On a simple level, the familiar is comfortable. If a child is constantly getting bullied, this has become a familiar experience and there’s a certain level of comfort around it. They know exactly what is going to happen. They will approach the bully, the bully will tease them, and then they will come crying to their teacher or mother who may or may not punish the bully immediately. It’s a “game” that keeps repeating.
On another level, bullies often have followers who do their bidding and join the teasing, which enables the bully to be even more powerful. Why would innocent kids want to side with a bully? Well, well, it’s safer to be on the side of the aggressor than to be on the side of the target/victim and risk getting bullied, too.
Also, because of all their followers, bullies can appear popular. We also know that young elementary-age students prefer to hang around the popular kids rather than the non-popular ones as it gives them a feeling of status to rub shoulders with the “popular” kid, even if that kid is a bully.
Thus, for all these reasons, it’s not surprising that even targets of bullying will keep going back to the bully hoping that they will ingratiate themselves and become friends with the bully.
Sadly, that’s Albert Einstein’s definition of “insanity” – doing the same thing over and over again and expecting a different result.
So what can you do to help the target?
If you’ve taught your child or student some “Great Comebacks,” it is now time to teach them how to choose kind friends so that they can immediately go to their friends and get emotional support after they’ve said their comeback line.

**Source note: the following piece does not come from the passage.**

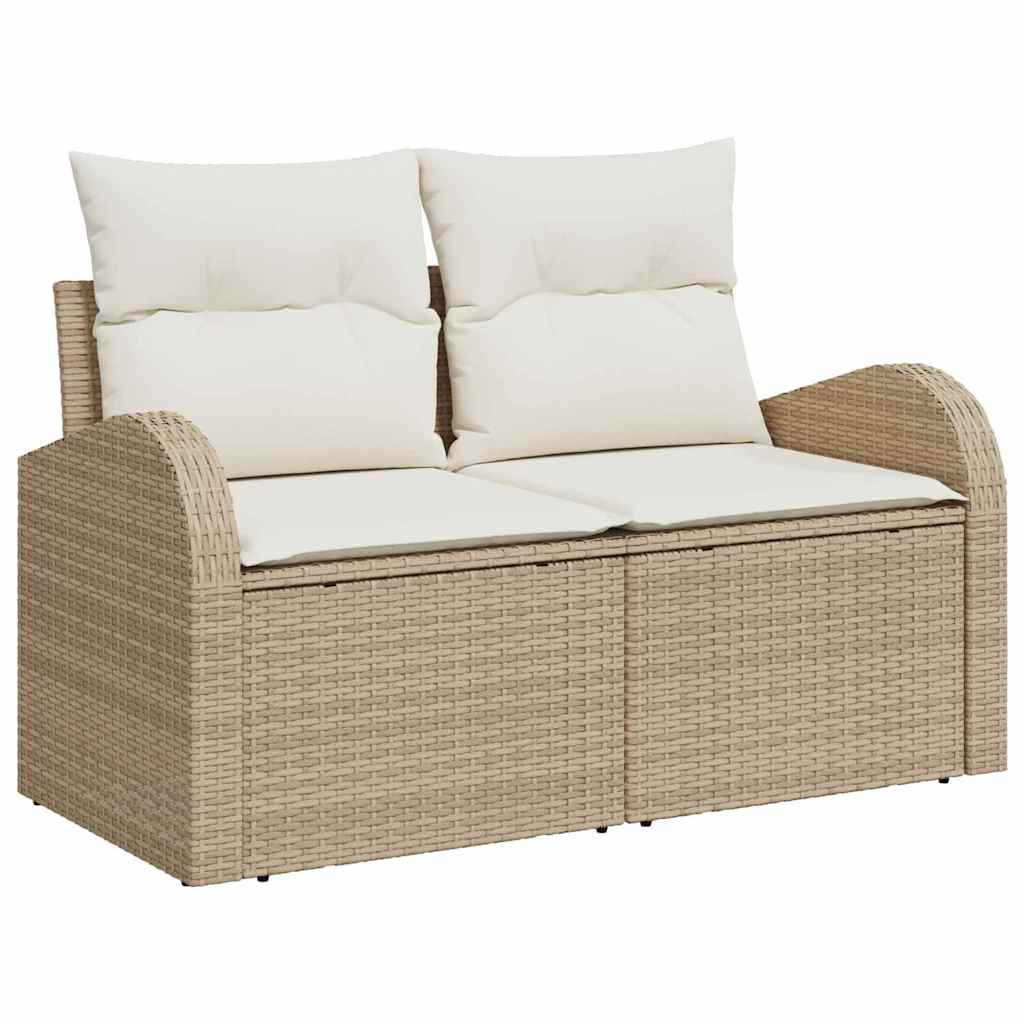 Garten-Sofa-Set 7 pcs Beige 100 x 55 x 73 cm Poly Rattan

Instead, on a sheet of paper, (or in the child’s red and green notebook,) we create two lists: unhealthy traits in peers and healthy traits in peers.
Below is a collection of sample traits from other children’s notebooks.
“Unhealthy Traits vs. Unhealthy Traits“
- Includes others
- Minds her own business
- Gives Space
- Calm hands
- Cares about my feelings
- Respects others
- Compliments others
- Gets along
- Plays nicely
- Plays honestly
- Plays by the rules
- Excludes others
- Hits, kicks, punches and hurts others
- Hurts my feelings
- Makes fun of others
- Insults others
- Teases others
- Cheats in games
- Keeps changing the rules
DON’T preach to your child or student that they have to pick nicer friends.
IT DOESN’T WORK!
- Depending on the child’s age, the list might be shorter and less complex (for younger children), or longer and more complex (for older children).
- Some children are able to help generate this list, but some kids are at a loss. In such a situation, I might ask, “Would you rather be friends with a kid who is kind or mean?” When the child says, “kind,” I say, “Yup, ‘kind’ is a healthy trait and ‘mean’ is an unhealthy trait. Let’s put that on the list. How about someone who hits you and punches you. Would you want to be friends with someone like that?” Once again, as the child says that she doesn’t want a friend like that, I’ll put “hitting, punching, etc.” on the unhealthy side and “calm hands” on the healthy side.
- At this point in the activity, it is important not to make any reference to the girls who are bullying her. DO NOT SAY, “So if you know that you don’t want to be friends with someone who makes fun of you, why do you keep going back to __so and so____?” If you say that, your child or student will likely shut down and stop cooperating.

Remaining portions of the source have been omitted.